M. Emmanuel Hamel appelle l'attention de M. le ministre d'Etat, ministre des affaires étrangères, sur la déclaration d'entente et de coopération rendue publique le 12 mai à Tallinn par les présidents des parlements de Lituanie, d'Estonie et de Lettonie et sur leur décision de faire renaître le Conseil de la Baltique.
Il lui demande quel soutien la France va apporter à ce Conseil, à la demande d'adhésion à l'O.N.U. et à la Conférence sur la sécurité et la coopération en Europe de chacun de trois pays baltes. Il lui demande d'autre part si la France a prévenu le Gouvernement soviétique que la continuation de ses pressions politiques et représailles économiques à l'encontre de la volonté d'indépendance, de coopération et de paix des trois nations baltes détruirait inévitablement l'effet psychologique que la propagande soviétique cherchait à créer en Europe occidentale au profit de l'U.R.S.S. en parlant de réformes, pérestroïka et progrès vers la démocratie etle respect des droits de l'homme.
Il lui demande enfin si le projet de voyage en U.R.S.S. fin mai du Président de la République est maintenu, compte tenu de l'attitude soviétique vis-à-vis des trois pays baltes dont la revendication pacifique, fondée par l'histoire, appelle et mérite le soutien actif des démocraties occidentales et particulièrement de la France.

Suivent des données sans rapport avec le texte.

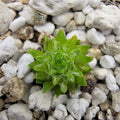 Pinguicula orchidioides {near Ixtlan de Juarez, Oaxaca, México} product image 1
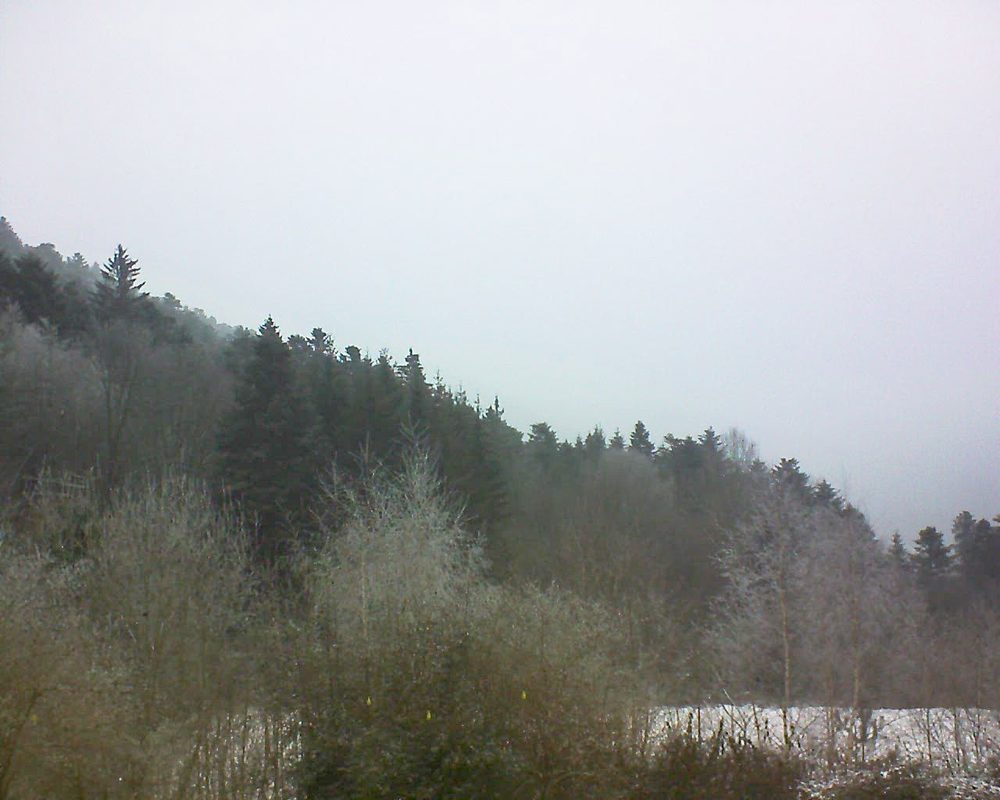 Le petit ballon vu depuis le Domaine Langmatt à Murbach le 24.01.2019 à 12:00 Le petit ballon (Alsace, Vosges) le 24.01.2019 à 12:00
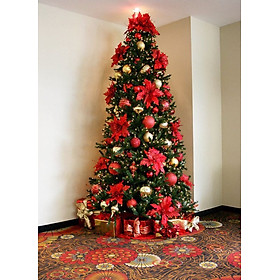 Bộ cây thông Noel và phụ kiện trang trí cây thông giáng sinh ctne11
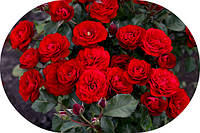 Троянди флорибунда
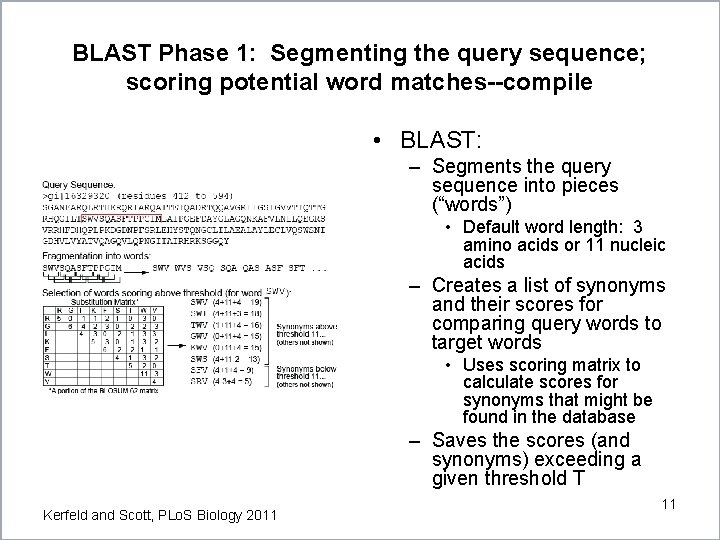 BLAST Phase 1: Segmenting the query sequence; scoring potential word matches--compile • BLAST: – BLAST Phase 1: Segmenting the query sequence; scoring potential word matches--compile • BLAST: –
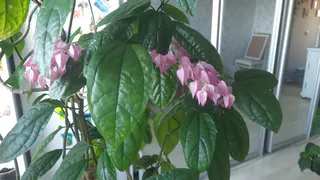 Немедленно уберите этот комнатный цветок из дома: он, вопреки поверьям, приносит только горе и неудачи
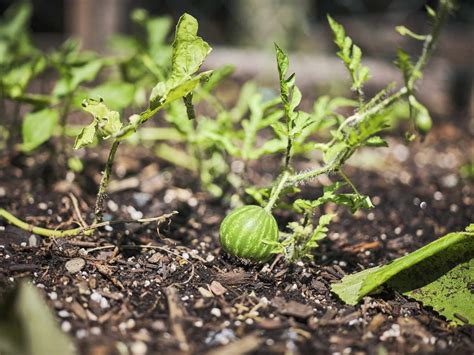 How To Grow And Care For Watermelon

Réponse. - L'honorable parlementaire a bien voulu interroger le Gouvernement sur sa position à l'égard de la Lituanie. La France n'a jamais reconnu l'annexion, intervenue en 1940 à la suite d'un pacte passé entre Hitler et Staline, des Etats baltes : Lituanie, Estonie, Lettonie. Cette position de principe a été maintenue avec constance par la France depuis cette date.
Elle a eu des applications pratiques : c'est ainsi que la France a toujours refusé de remettre aux autorités soviétiques l'or déposé auprès de la Banque de France par la Lituanie et la Lettonie. La position de principe de non-reconnaissance de l'annexion a également une conséquence juridique : la reconnaissance par la France des Etats baltes (le 24 janvier 1921 pour la Lettonie et l'Estonie, le 20 décembre 1922 pour la Lituanie) est toujours valide.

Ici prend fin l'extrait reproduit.